ACTIVITY: As you reproduce every line below, keep it exactly as written and leave out the images.

RECORDS FOR PROCESSING:
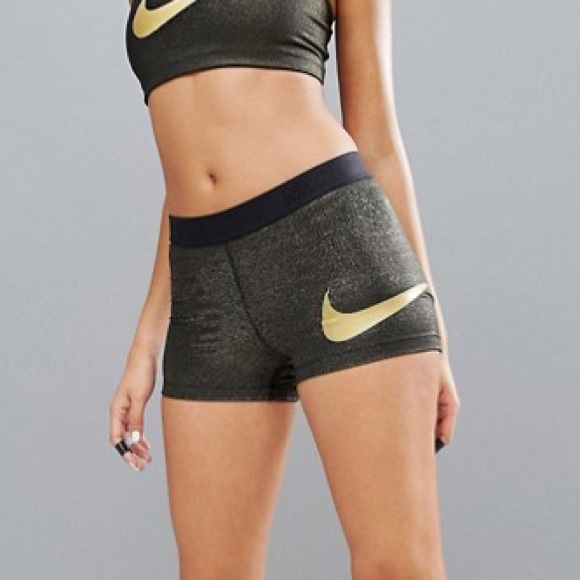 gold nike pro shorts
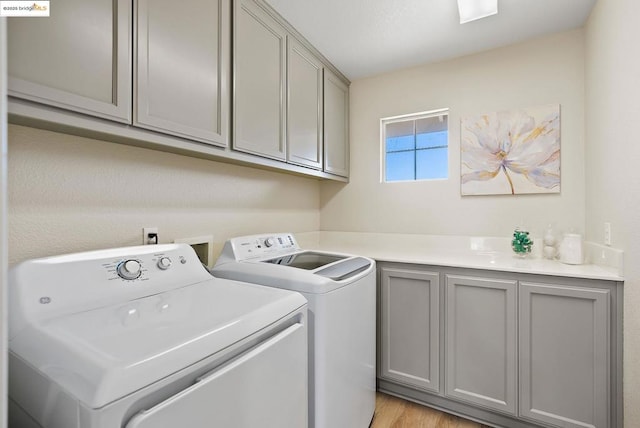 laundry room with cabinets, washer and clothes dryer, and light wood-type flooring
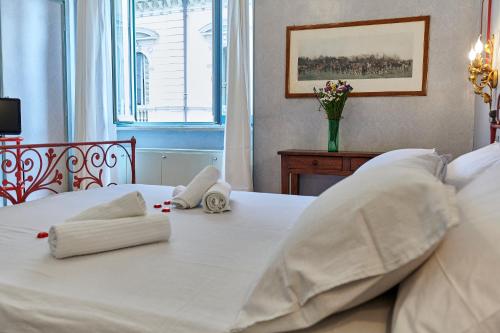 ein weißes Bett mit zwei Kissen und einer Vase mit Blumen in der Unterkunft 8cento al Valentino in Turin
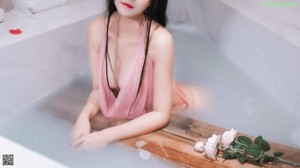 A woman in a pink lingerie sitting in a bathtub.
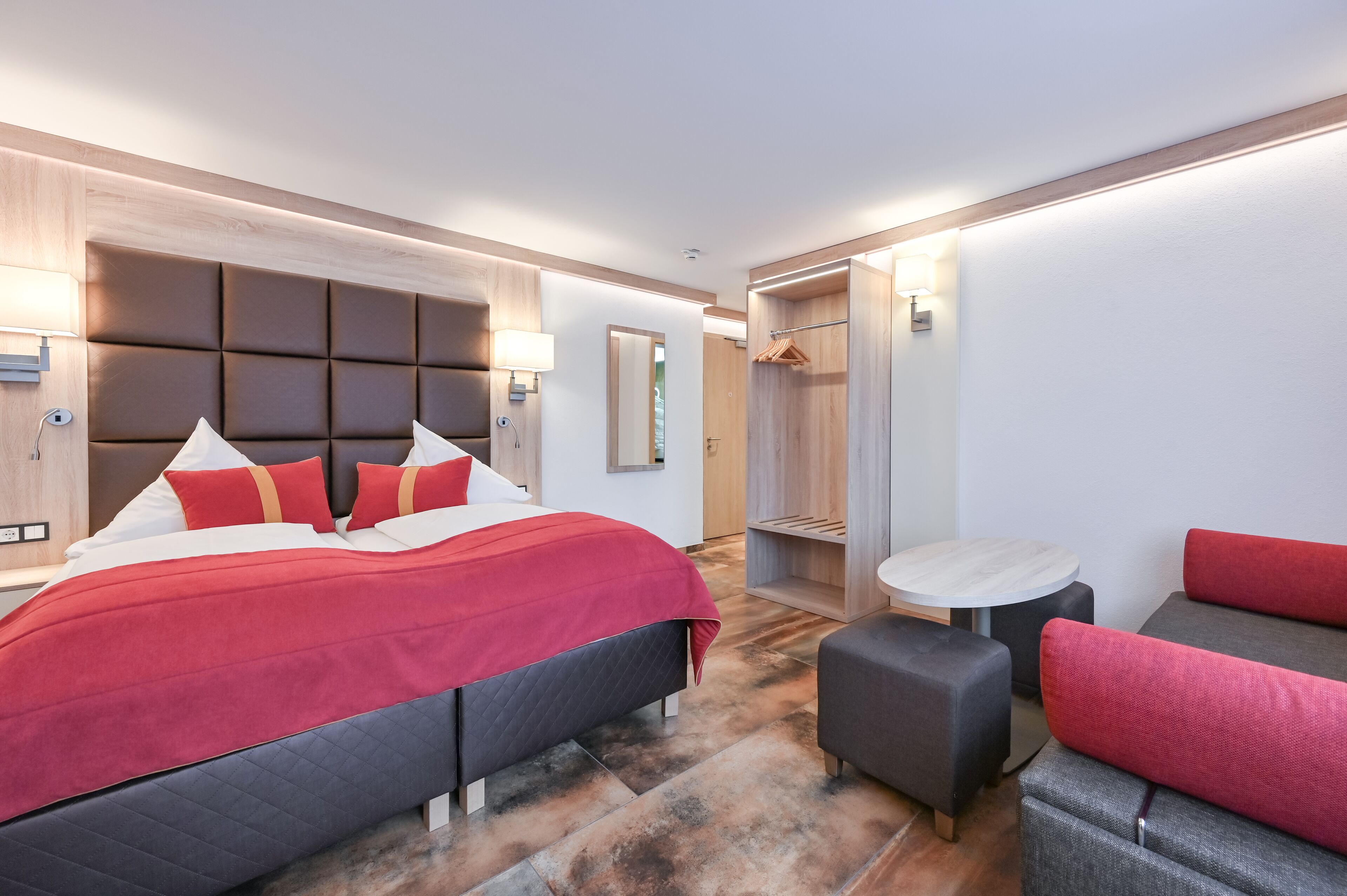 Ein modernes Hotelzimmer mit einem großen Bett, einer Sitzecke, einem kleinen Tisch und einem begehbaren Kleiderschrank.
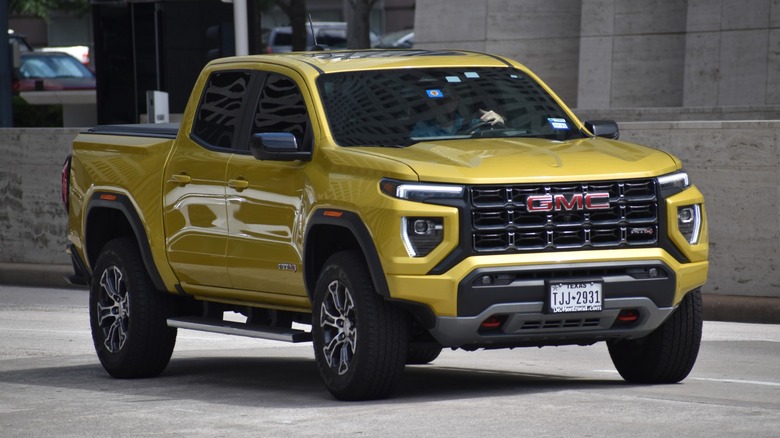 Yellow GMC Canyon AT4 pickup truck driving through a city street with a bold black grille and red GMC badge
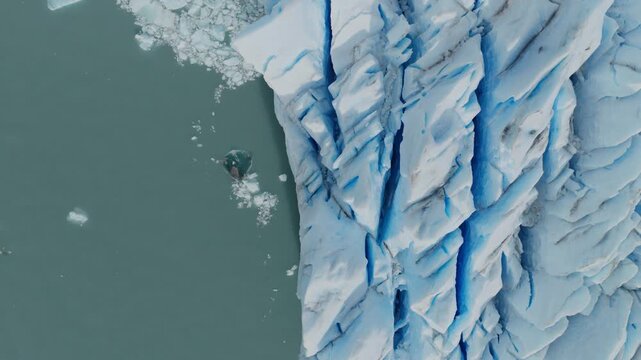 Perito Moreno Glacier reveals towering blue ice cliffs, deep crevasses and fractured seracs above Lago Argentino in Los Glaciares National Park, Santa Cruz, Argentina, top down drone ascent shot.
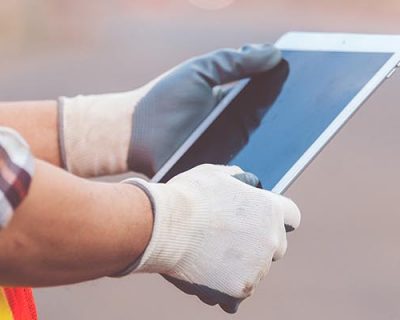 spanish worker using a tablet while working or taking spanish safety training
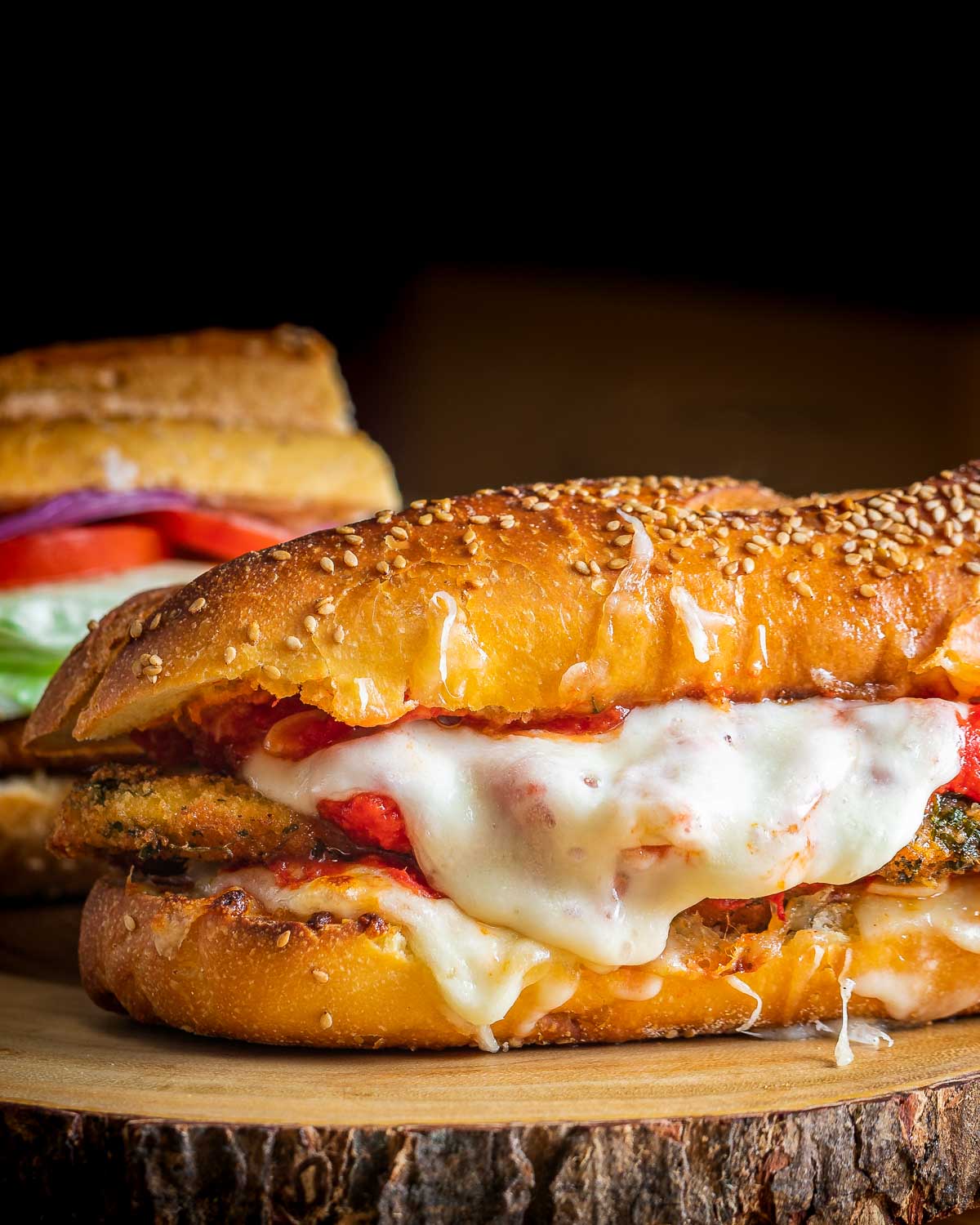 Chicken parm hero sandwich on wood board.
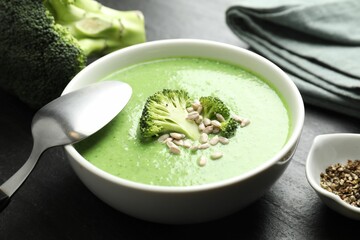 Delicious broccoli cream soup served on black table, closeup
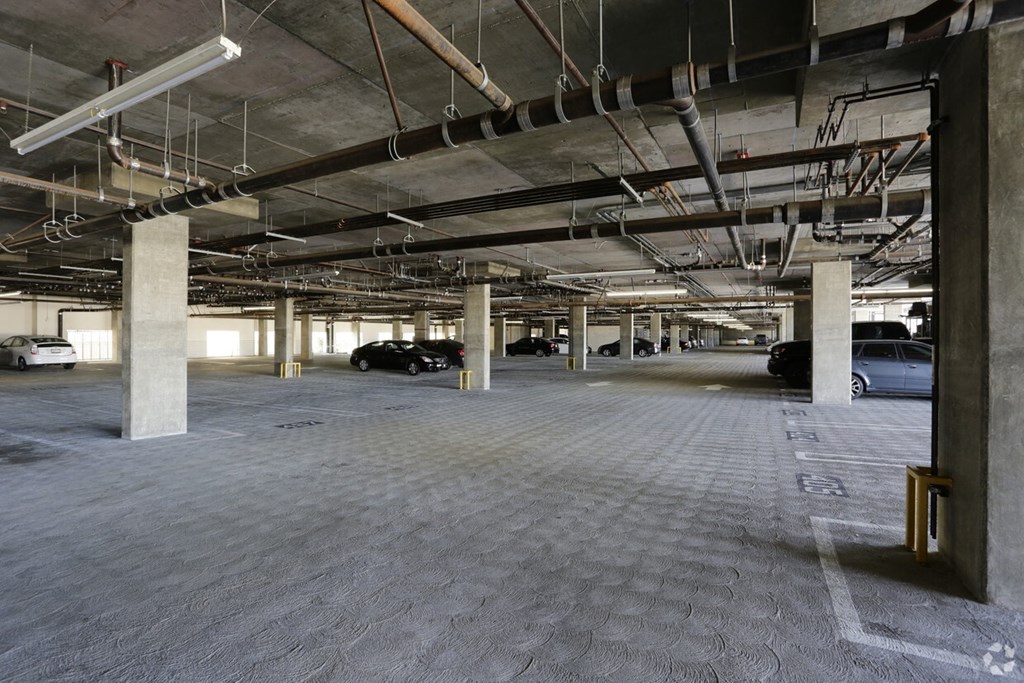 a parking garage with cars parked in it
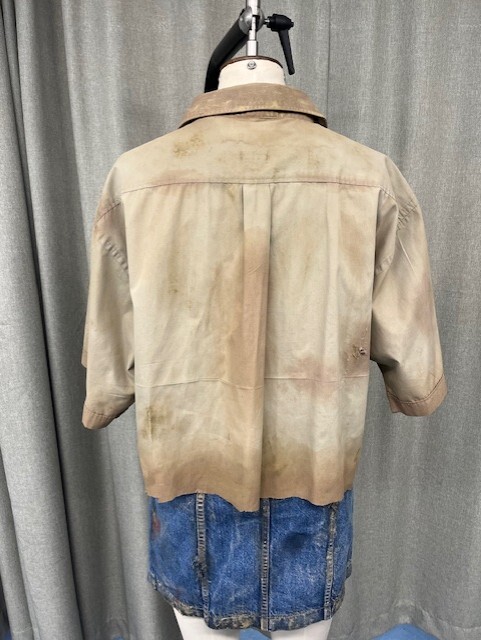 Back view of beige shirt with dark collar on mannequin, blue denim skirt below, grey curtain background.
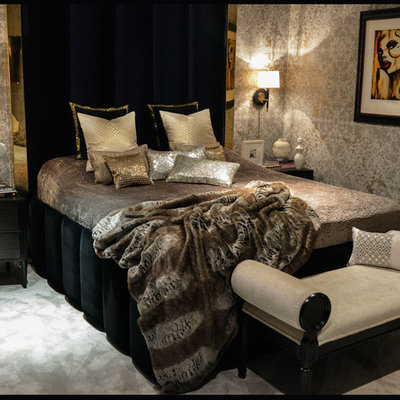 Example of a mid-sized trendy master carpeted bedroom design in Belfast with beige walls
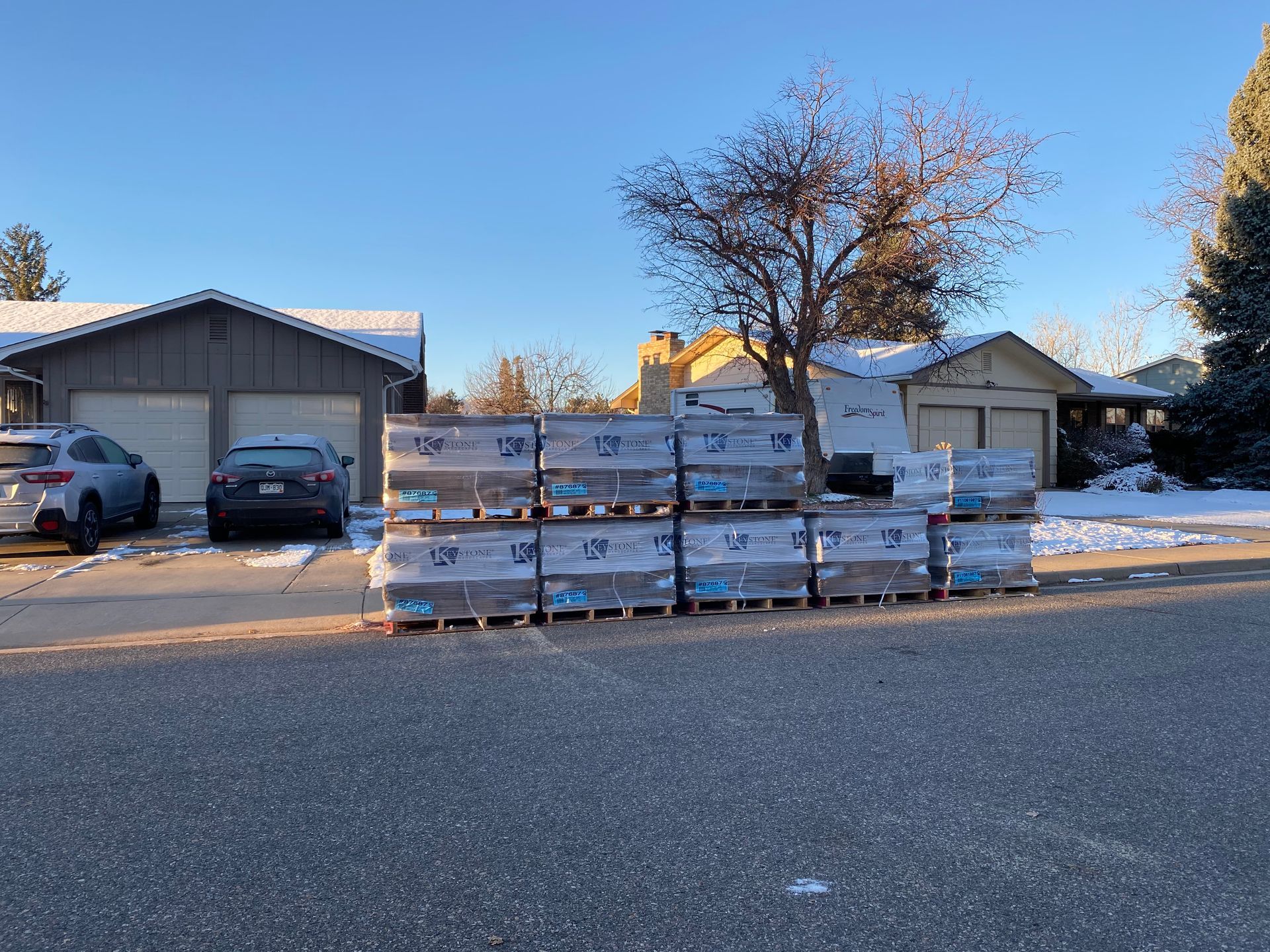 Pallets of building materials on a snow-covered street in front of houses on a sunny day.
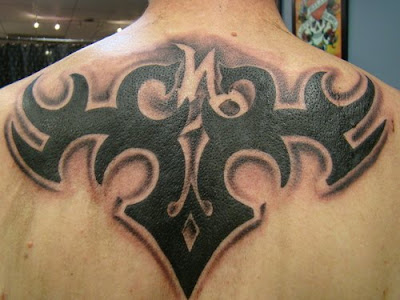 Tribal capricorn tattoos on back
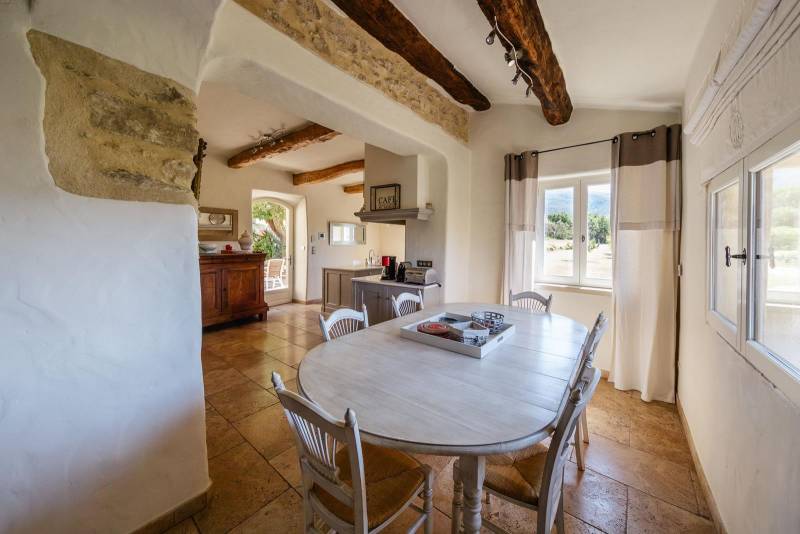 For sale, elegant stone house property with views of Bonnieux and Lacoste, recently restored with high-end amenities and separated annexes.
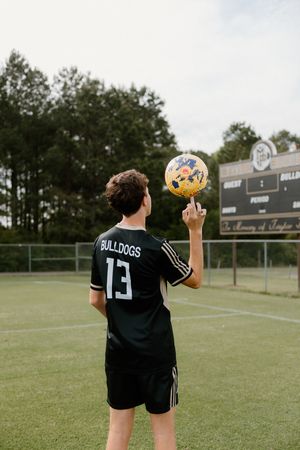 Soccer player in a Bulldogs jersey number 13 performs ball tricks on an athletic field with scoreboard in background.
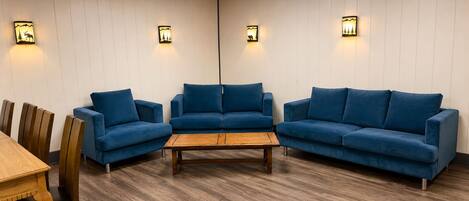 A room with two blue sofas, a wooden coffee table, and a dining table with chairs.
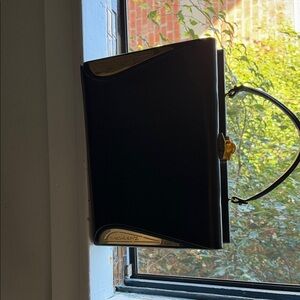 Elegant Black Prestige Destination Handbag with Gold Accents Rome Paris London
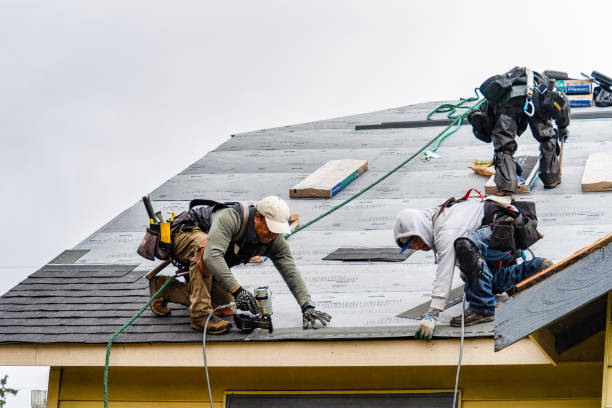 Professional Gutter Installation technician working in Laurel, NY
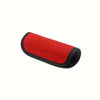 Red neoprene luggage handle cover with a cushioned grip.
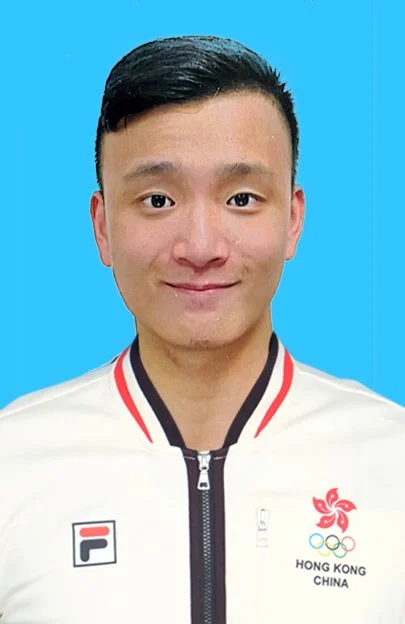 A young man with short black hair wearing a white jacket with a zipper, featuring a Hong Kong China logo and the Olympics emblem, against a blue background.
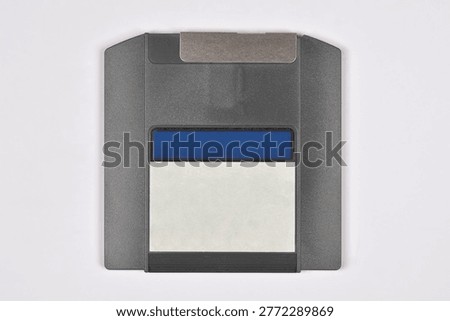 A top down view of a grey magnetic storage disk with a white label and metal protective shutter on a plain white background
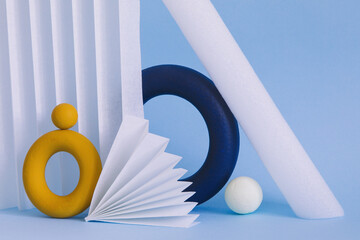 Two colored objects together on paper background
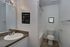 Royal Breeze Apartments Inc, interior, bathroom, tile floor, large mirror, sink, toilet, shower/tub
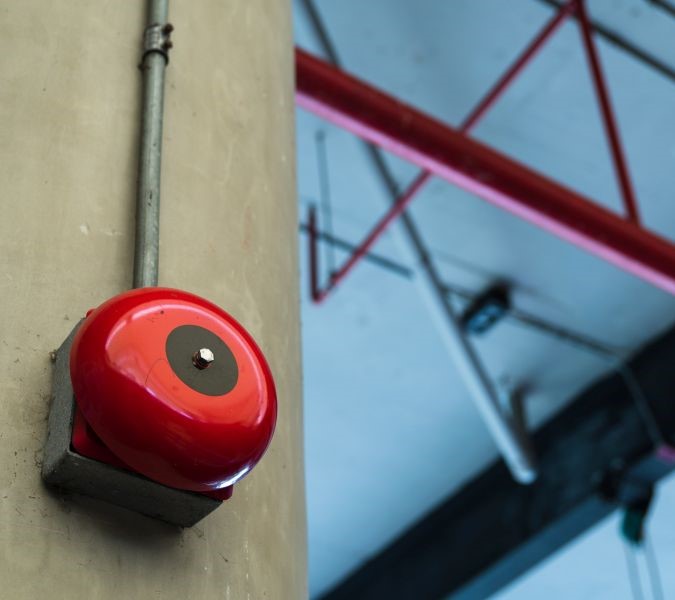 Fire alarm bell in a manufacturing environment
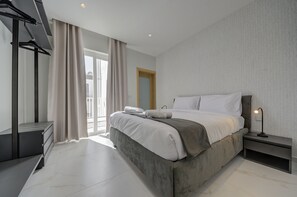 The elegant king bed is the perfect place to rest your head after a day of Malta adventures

RESPONSE FOR THIS EXERCISE:
 gold nike pro shorts
 laundry room with cabinets, washer and clothes dryer, and light wood-type flooring
 ein weißes Bett mit zwei Kissen und einer Vase mit Blumen in der Unterkunft 8cento al Valentino in Turin
 A woman in a pink lingerie sitting in a bathtub.
 Ein modernes Hotelzimmer mit einem großen Bett, einer Sitzecke, einem kleinen Tisch und einem begehbaren Kleiderschrank.
 Yellow GMC Canyon AT4 pickup truck driving through a city street with a bold black grille and red GMC badge
 Perito Moreno Glacier reveals towering blue ice cliffs, deep crevasses and fractured seracs above Lago Argentino in Los Glaciares National Park, Santa Cruz, Argentina, top down drone ascent shot.
 spanish worker using a tablet while working or taking spanish safety training
 Chicken parm hero sandwich on wood board.
 Delicious broccoli cream soup served on black table, closeup
 a parking garage with cars parked in it
 Back view of beige shirt with dark collar on mannequin, blue denim skirt below, grey curtain background.
 Example of a mid-sized trendy master carpeted bedroom design in Belfast with beige walls
 Pallets of building materials on a snow-covered street in front of houses on a sunny day.
 Tribal capricorn tattoos on back
 For sale, elegant stone house property with views of Bonnieux and Lacoste, recently restored with high-end amenities and separated annexes.
 Soccer player in a Bulldogs jersey number 13 performs ball tricks on an athletic field with scoreboard in background.
 A room with two blue sofas, a wooden coffee table, and a dining table with chairs.
 Elegant Black Prestige Destination Handbag with Gold Accents Rome Paris London
 Professional Gutter Installation technician working in Laurel, NY
 Red neoprene luggage handle cover with a cushioned grip.
 A young man with short black hair wearing a white jacket with a zipper, featuring a Hong Kong China logo and the Olympics emblem, against a blue background.
 A top down view of a grey magnetic storage disk with a white label and metal protective shutter on a plain white background
 Two colored objects together on paper background
 Royal Breeze Apartments Inc, interior, bathroom, tile floor, large mirror, sink, toilet, shower/tub
 Fire alarm bell in a manufacturing environment
 The elegant king bed is the perfect place to rest your head after a day of Malta adventures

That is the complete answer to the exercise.